The ban on commercial trade was imposed by government NOT NPWS. The objective was simply to prohibit pet shops from having reptiles on display, or advertising through the popular press, which would in turn encourage impulse purchasers who had no knowledge of or commitment to the reptiles they bought. There is enough of a problem with hermit crabs, spiders and scorpions etc that only last a few weeks in the hands of impulse buyers, without opening up access to reptiles. NPWS is not concerned about advertising on reptile specific web sites or in reptile specific publications. Petlink could be a problem.


----------



## zulu (Feb 21, 2006)

*re Corn*

Hows all your letter lickers going in there anyway jeffrey,you have to get them started on the boots and let them work there way up


----------



## peterjohnson64 (Feb 21, 2006)

Thanks for confirming that Jeff. This is the first time I have seen that in writing. Seems the department is applying the "mischief rule" over the "literal rule". And I think with your knowledge of what we are doing a court would take this line as well.

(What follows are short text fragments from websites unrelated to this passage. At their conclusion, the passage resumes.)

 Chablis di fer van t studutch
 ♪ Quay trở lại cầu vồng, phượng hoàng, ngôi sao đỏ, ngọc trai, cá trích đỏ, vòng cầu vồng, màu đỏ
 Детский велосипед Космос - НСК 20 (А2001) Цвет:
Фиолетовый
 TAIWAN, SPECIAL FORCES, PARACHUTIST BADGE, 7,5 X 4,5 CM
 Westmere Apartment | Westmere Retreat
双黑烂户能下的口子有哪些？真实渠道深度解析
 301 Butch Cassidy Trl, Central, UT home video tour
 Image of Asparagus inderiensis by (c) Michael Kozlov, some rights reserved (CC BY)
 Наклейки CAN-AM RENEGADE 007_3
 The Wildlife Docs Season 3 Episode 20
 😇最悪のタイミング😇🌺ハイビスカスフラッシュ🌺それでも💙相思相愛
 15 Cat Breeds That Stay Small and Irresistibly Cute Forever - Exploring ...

But surely making people wait 2 weeks for a licence would stop impulse buying? If a person walks into a pet shop and says "I'll have that bearded dragon thanks" and the pet shop says "Yeah, sure, can I have your licence number" then if the person already has a licence then the impulse has perhaps been negated by their 2 week wait and pre-determination to buy a reptile. If they don't have a licence then they are not able to buy the lizard and have to come back in 2 weeks after outlaying their hard earned on a licence. Of course, this doesn't happen with scorpions or spiders because Joe Public can simply walk in, lay cash on the counter, and walk out with a new animal. Can also do it with cats, dogs, birds, rabbits, ferrets, chickens etc etc.


----------



## JeffHardy (Feb 21, 2006)

Zulu, we don't lick letters, let alone boots. We are directed by our political masters and it would not matter even if we were in a positition to, or if it was desirable, to lick boots to achieve our conservation based objectives.

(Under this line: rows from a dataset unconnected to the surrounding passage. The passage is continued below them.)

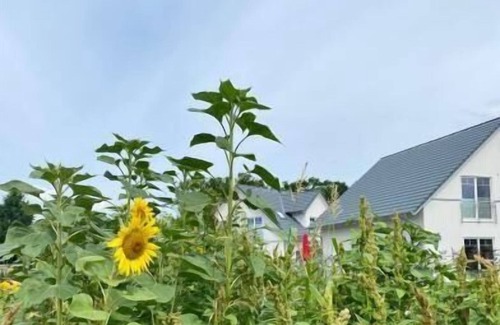 Altwarp House | Holiday house Altwarp for 1 - 6 persons with 3 bedrooms - Holiday house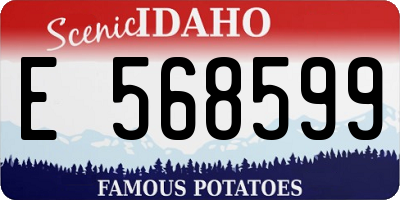 ID license plate E568599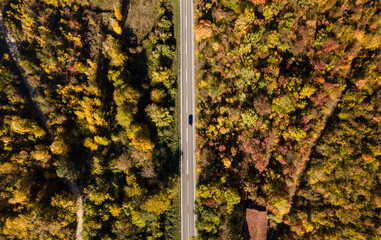 Top down aerial view drone image on the road trough the trees and forest in mountain range in autumn day - Tresibaba Knjazevac Mountain in Serbia - Travel journey and vacation concept car driving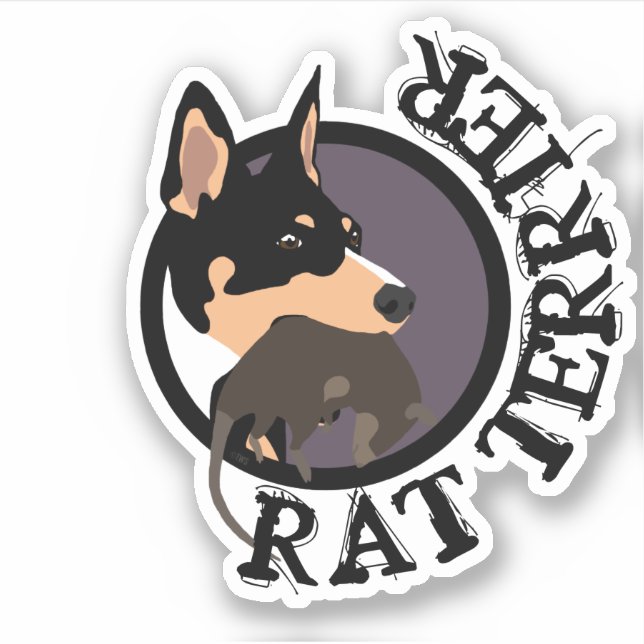 Pegatina de Rat terrier (Anverso)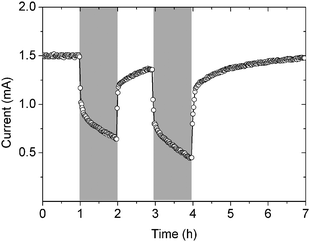 Response of current to light and dark cycling (the grey bars indicate dark conditions).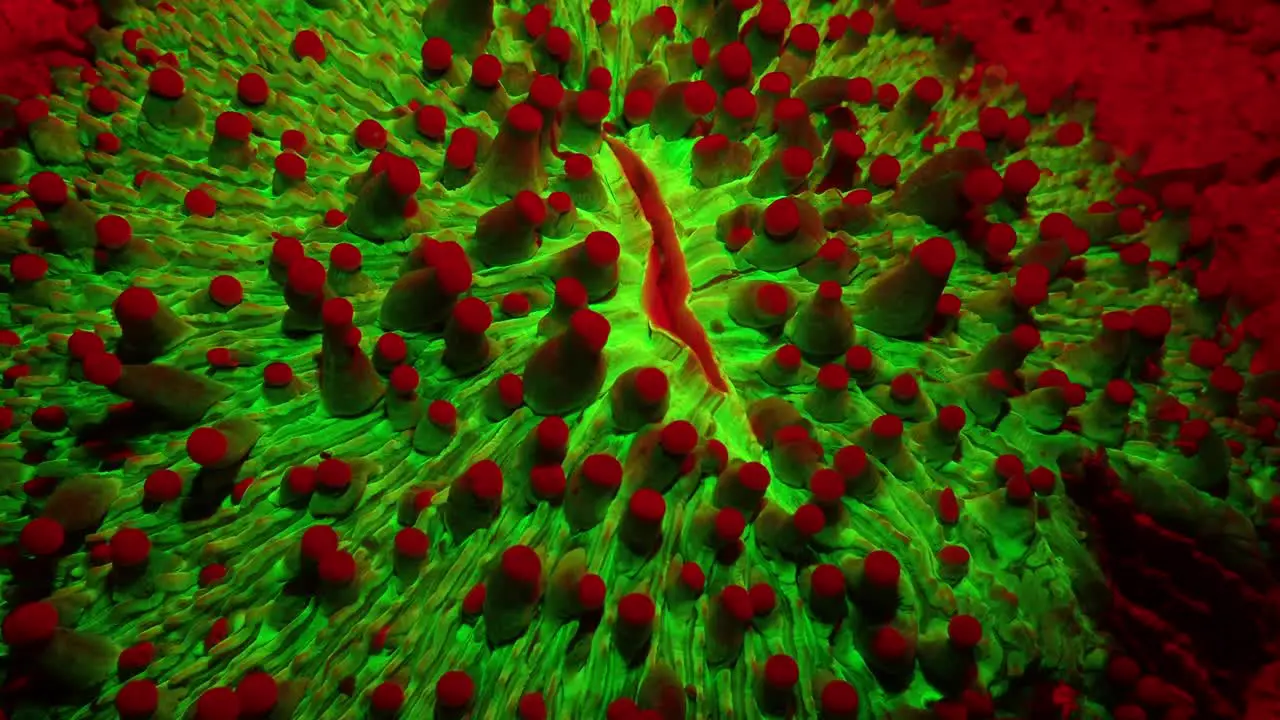 Fluorescent coral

The two week suggestion is appreciated, but not a realistic deterrant. It is probable that within a few months a person over the age of 18 will be able to apply for and be immediately granted a Class 1 bird, reptile or frog licence on-line. Muich the same as amateur fishiong licence.


----------



## Rennie (Feb 21, 2006)

But I guess also that having to get it through a herp society or place like this, you will get less people who don't know how to look after it. The places that they encourage you to buy them from are much more likely to give you a care sheet than a pet shop.


----------



## peterjohnson64 (Feb 21, 2006)

Jeff, I am heartened to hear about the on-line stuff. Can I be so bold as to ask that your on-line resources be moved to keeping our fauna books online rather than on line applications. That way we dont need to submit each year (unless we want to) and transfers are updated constantly instead of annually. You will love reading my book in April. It smells, looks and tastes of red wine courtesy of "late night posts".


----------



## JeffHardy (Feb 21, 2006)

Oh, if only it were that simple, Peter. On-line fauna record submission has been suggested, discussed, review, discussed some more and rejected because of the mischief that some people get up to. Same old story, the few spoil it for the many.

I'd be happy to receive a review copy of your book


----------



## triptych_angel (Feb 22, 2006)

Hi, i live closer to Windsor, so how would i go about joinng the Herp Society. My friend has a Diamond Python but he is quite gnarly so havent handled him.


----------



## peterjohnson64 (Feb 22, 2006)

http://www.users.bigpond.com/josef_p/hhs/

click there. Join the club. meet wonderful people. There are lots of members here who live just minutes from you. Is your friend Sarah C????


----------



## triptych_angel (Feb 22, 2006)

No, my friend isnt on any of these thingy's.


----------



## peterjohnson64 (Feb 22, 2006)

OK, Sarah lives out your way and has Diamond Python.


----------



## zulu (Feb 22, 2006)

*re Corn*

Hi tryptych,go along to the Hawksbury herp society,meetings are every second friday of the month at 7 pm at richmond community hall,think thats right trip you can google a list of herp societys that would have contact numbers etc I see your post was taken over,PMSL :lol:


----------